:: Input material ::

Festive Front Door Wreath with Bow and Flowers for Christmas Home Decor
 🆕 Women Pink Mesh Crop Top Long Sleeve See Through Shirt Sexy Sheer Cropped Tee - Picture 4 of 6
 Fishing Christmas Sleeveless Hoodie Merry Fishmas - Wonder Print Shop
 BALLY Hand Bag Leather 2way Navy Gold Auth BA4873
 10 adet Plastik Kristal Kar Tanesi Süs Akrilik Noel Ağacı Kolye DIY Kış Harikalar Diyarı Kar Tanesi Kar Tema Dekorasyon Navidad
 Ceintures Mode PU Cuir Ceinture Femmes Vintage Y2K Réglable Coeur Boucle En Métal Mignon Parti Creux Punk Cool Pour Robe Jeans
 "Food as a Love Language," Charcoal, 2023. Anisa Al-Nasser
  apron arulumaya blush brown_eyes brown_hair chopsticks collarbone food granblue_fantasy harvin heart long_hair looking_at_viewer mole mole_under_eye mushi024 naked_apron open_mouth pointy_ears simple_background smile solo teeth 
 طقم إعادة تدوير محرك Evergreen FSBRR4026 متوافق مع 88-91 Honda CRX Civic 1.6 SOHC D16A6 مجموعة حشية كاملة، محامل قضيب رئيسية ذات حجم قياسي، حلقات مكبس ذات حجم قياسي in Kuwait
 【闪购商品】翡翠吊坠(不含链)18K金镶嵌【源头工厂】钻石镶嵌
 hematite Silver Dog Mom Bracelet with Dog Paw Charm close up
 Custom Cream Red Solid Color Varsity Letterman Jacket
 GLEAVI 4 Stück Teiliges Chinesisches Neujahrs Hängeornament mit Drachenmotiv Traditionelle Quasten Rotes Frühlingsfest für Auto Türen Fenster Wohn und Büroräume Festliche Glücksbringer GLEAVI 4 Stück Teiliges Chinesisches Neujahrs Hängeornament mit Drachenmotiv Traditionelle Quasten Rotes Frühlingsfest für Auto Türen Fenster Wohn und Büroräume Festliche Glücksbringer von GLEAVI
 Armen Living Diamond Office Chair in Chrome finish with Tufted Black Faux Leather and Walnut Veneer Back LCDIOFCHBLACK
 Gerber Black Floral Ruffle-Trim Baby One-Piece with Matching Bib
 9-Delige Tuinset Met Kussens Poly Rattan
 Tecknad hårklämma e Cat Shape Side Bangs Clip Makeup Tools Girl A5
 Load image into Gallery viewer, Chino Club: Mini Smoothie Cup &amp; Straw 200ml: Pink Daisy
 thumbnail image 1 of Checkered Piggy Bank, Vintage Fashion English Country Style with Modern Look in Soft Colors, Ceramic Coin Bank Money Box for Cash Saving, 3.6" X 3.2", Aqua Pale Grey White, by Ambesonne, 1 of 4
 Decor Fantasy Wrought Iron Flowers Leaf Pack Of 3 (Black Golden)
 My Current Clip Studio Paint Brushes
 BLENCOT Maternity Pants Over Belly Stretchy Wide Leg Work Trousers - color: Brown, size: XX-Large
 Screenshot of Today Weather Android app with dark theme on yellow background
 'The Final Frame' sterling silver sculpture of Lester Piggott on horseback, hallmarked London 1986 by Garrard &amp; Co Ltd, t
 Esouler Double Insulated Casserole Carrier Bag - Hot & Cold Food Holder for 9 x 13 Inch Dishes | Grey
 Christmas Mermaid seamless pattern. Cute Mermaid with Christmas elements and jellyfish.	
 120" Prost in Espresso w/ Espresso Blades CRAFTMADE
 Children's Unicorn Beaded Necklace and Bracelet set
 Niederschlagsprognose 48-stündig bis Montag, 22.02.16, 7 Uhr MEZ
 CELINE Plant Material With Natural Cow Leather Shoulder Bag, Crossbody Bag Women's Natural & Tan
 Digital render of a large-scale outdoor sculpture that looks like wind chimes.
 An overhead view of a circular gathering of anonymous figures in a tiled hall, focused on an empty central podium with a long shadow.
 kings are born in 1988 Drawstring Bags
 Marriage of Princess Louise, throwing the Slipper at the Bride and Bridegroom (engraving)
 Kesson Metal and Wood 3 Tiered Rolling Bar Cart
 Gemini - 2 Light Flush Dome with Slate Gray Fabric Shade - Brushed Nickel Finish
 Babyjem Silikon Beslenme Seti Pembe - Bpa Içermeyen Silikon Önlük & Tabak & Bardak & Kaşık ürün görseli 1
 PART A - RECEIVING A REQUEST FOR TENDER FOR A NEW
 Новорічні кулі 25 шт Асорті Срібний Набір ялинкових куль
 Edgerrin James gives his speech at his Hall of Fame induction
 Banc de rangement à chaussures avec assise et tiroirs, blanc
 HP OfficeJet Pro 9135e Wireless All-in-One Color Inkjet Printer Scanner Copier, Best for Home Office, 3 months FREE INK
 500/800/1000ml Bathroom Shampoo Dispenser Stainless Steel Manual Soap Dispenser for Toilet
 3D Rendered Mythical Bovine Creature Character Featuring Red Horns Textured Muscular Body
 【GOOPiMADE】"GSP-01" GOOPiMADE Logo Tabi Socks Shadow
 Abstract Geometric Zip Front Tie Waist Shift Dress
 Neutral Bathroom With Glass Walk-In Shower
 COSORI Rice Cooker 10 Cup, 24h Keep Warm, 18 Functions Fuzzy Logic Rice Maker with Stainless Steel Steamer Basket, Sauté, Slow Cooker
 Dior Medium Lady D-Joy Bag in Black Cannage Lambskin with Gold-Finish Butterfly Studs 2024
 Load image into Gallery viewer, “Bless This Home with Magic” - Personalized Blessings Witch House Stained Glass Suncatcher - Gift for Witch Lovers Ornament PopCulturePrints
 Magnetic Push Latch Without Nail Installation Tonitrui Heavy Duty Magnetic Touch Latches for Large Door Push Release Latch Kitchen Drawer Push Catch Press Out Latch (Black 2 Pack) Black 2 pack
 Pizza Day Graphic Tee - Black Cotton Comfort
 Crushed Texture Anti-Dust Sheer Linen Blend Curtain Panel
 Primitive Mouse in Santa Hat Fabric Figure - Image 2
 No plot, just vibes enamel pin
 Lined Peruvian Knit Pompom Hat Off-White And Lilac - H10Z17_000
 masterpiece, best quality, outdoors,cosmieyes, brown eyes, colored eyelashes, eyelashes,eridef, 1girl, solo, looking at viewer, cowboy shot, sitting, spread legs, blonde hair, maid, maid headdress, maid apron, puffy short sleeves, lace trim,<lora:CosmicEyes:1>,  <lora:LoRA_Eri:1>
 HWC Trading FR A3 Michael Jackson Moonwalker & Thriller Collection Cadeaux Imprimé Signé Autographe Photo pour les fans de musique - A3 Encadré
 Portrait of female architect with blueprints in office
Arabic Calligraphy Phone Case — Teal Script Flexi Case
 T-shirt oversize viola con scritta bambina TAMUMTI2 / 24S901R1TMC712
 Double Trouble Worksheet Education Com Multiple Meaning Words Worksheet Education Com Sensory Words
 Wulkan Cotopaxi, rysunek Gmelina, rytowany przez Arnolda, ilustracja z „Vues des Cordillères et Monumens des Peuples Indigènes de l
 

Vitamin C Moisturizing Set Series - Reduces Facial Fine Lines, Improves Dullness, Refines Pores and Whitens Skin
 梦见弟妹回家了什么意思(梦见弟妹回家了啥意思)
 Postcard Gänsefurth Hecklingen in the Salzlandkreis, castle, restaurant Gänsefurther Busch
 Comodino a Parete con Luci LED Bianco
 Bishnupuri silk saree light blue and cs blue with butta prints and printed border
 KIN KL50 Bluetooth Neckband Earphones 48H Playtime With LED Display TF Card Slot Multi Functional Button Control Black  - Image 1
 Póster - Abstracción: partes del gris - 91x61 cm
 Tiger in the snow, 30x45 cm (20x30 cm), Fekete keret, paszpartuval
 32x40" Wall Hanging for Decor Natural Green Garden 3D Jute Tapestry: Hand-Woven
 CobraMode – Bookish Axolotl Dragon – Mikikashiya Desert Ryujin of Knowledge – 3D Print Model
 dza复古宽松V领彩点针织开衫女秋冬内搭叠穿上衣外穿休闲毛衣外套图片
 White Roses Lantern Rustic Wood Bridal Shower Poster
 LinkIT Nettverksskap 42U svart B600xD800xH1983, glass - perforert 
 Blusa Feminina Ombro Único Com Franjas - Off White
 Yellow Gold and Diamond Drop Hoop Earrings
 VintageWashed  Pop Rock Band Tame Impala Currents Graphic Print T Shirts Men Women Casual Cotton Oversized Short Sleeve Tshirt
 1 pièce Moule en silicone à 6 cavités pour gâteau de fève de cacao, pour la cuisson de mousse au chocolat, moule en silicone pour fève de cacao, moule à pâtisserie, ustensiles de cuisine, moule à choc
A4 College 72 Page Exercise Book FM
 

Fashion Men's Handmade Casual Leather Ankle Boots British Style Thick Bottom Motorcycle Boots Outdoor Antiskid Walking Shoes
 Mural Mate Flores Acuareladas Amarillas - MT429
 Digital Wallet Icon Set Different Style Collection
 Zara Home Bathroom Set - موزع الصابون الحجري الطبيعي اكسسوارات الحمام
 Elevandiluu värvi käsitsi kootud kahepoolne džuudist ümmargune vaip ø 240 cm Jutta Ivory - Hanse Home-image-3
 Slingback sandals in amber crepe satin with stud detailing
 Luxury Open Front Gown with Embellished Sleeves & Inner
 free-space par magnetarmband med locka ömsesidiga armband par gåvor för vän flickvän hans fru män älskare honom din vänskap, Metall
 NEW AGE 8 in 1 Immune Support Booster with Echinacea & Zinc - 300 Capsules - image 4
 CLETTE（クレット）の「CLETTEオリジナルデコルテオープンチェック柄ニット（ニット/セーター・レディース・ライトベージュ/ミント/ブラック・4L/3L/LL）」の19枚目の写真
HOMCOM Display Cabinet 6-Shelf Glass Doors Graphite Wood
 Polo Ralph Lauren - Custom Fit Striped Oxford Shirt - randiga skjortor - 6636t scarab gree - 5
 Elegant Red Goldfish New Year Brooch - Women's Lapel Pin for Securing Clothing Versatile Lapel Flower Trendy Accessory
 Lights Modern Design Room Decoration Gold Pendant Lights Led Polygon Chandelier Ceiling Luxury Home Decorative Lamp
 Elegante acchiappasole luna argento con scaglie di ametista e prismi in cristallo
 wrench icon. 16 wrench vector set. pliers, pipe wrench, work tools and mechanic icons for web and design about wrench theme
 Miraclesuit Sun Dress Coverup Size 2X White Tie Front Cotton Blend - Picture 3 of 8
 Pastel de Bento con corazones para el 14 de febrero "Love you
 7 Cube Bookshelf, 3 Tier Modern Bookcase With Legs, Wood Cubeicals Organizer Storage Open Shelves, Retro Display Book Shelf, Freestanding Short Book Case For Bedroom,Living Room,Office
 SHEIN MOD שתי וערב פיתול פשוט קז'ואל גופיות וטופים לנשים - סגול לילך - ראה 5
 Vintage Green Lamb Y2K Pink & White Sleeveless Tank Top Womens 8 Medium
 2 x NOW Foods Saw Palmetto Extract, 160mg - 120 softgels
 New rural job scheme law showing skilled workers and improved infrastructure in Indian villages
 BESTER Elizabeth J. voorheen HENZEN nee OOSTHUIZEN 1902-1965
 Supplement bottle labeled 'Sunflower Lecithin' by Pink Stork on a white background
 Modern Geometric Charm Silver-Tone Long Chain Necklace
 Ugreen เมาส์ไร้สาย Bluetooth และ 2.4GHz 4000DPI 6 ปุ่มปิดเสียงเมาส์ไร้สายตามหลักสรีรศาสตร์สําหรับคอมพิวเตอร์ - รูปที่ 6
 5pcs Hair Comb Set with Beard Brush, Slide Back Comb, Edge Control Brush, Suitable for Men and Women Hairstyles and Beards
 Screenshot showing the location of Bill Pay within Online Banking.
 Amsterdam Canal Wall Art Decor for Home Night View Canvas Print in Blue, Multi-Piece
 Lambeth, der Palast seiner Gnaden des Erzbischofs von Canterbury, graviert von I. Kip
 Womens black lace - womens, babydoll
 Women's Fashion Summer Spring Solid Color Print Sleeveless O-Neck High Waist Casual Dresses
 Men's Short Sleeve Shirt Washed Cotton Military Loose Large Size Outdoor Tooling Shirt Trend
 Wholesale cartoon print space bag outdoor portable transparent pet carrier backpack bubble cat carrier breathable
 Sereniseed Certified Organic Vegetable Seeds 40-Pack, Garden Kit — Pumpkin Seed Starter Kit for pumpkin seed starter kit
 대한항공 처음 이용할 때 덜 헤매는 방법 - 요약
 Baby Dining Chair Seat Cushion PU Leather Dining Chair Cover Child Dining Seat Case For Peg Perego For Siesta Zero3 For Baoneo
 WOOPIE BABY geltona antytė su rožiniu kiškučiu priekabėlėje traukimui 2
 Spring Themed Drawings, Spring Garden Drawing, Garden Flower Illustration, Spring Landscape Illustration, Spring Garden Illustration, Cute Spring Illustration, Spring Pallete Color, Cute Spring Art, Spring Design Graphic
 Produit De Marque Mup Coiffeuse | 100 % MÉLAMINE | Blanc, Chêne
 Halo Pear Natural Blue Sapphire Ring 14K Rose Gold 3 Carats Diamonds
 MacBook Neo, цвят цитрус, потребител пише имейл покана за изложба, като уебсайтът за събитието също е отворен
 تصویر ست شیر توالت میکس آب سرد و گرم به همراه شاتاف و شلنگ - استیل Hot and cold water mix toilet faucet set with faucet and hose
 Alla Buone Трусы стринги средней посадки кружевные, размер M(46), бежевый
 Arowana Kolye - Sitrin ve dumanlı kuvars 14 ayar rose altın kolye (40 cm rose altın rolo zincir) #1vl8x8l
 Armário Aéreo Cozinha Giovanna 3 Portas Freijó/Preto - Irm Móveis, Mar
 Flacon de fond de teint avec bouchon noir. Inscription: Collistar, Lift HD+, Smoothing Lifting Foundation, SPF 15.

:::

(Exercise): The entries above hold the needed span. Transcribe exactly the lines from the one with "Screenshot showing the" to the one with "Womens black lace - womens, babydoll", both included.

(Answer space):
 Screenshot showing the location of Bill Pay within Online Banking.
 Amsterdam Canal Wall Art Decor for Home Night View Canvas Print in Blue, Multi-Piece
 Lambeth, der Palast seiner Gnaden des Erzbischofs von Canterbury, graviert von I. Kip
 Womens black lace - womens, babydoll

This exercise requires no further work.